In a week the USAFA Class of 1972 will meet for its 50th year reunion. It is our largest rendezvous since graduation, with 400 of 678 living graduates scheduled to attend. The tireless efforts of the reunion committee have made this lifetime event possible.
In 1968 during the escalating involvement of the Vietnam War and the social unrest pervading college campuses, 1254 of us from all walks of life and every state in the union arrived at USAFA. Our personal identity became subordinate to that of the aggregate, which fostered a level of cohesion that has continued for 54 years.

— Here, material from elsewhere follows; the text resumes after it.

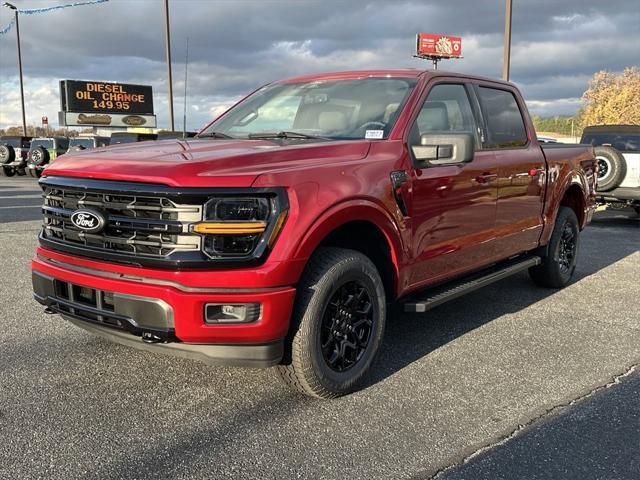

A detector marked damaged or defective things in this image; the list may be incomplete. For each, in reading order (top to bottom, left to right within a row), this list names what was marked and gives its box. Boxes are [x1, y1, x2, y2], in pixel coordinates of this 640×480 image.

cracked pavement [1, 177, 640, 480]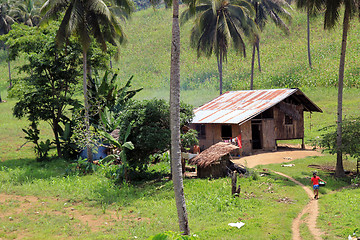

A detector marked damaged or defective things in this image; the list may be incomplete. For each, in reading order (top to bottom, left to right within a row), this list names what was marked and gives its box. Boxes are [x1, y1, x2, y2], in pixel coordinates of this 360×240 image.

rusty corrugated metal roof [193, 89, 322, 124]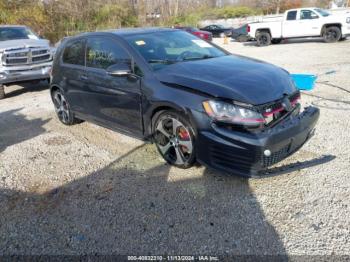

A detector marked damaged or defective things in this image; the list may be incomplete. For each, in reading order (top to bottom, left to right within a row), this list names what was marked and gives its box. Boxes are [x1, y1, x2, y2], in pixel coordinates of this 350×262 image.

High grades and test scores coupled with athletic and leadership achievement in high school did not necessarily translate into success at the Academy. Relying on the infallibility of the cadet selection process is flawed, since it cannot identify those who will fail under extreme duress. Unremitting pressure and intense competition selected out those cadets who either lacked the motivation or talent to succeed.
When we are reunited next week, many of us will not have seen each other for 50 years, but the ensuing conversations will continue as if we never parted. Such is the bond forged by our mutual experience. There is an unspoken knowledge that we are elite, and we prevailed together through intense training during an era when our civilian peers dismissed us as pariahs for our military service.
It is a pity that cadets now attending USAFA, through no fault of their own, do not have the opportunity to prove their mettle. Cadet life, as portrayed in a video produced by a first year Academy cadet, demonstrates that the system is far less arduous compared to previous times and unrecognizable to past graduates. Graduation rates in the last decade approach 90% in some recent classes, as compared to 60% during our era.
Application rates to the Academy plummeted in 2022, with only 46% of qualified applicants compared to the previous year. All service academies experience a shortfall, but USAFA fared considerably worse than USMA and USNA. The official storyline lays the blame on Covid, but this trite excuse overlooks more serious reasons.
Traditionally the Academy eschewed political engagement and directed its efforts to train career Air Force officers. Nowadays the institution is overtly political: From its aggressive, pervasive Diversity and Inclusion Program (DI), to its sympathetic treatment of Critical Race Theory (CRT), and its support of George Takei and Black Lives Matter, no cadet is left untouched.
USAFA political science professor Lynne Chandler-Garcia admitted in a Washington Post op-ed that she taught CRT at the Academy. The Academy administration cannot be taken for its word that this did not occur or present an uncontested argument that the instruction was merely an academic exercise exploring the underpinnings of a Marxist philosophy. Quibbling is an Honor Code violation and clever use of language does not excuse dishonesty. Show the public the class syllabuses and the academic background of the faculty, including their publications and graduate theses.
The Academy now offers a minor academic degree in DI, and in mandatory training sessions, staff lecturers admonish cadets on nonsensical prohibitions. “Mom” and “Dad’ are no longer acceptable terms and should give way to sanitized identifiers such as “caregivers” and “guardians.” It is as if one’s mom and dad are employees administering end-of-life care in a nursing home facility.
High performing cadets and prospective candidates have been expelled or denied admission for refusal to receive the Covid-19 vaccination series. Religious exemptions are summarily denied, and the administration downplays the vaccine's risks and exaggerates its benefits. This heavy-handed approach continues unabated despite volumes of evidence challenging the policy, and the President declaring the pandemic over in an interview last week on “60 Minutes.”
There is a recruiting crisis throughout the military. Service branches cannot fulfill their quotas and have resorted to lowering standards. There is a critical pilot shortage that compromises national security. At a certain threshold the segments of the population who have historically served our country say, “Enough is enough—why should I serve when I am vilified for my phenotype and forced to abide by CRT indoctrination?
USAFA is at a crossroads, and the graduate community and public must not allow a few high ranking, politically appointed generals to transform the institution into a liberal arts school. The stakes are too high to concede the battle to zealots who have either forgotten the Academy’s mission or know full well what they are doing.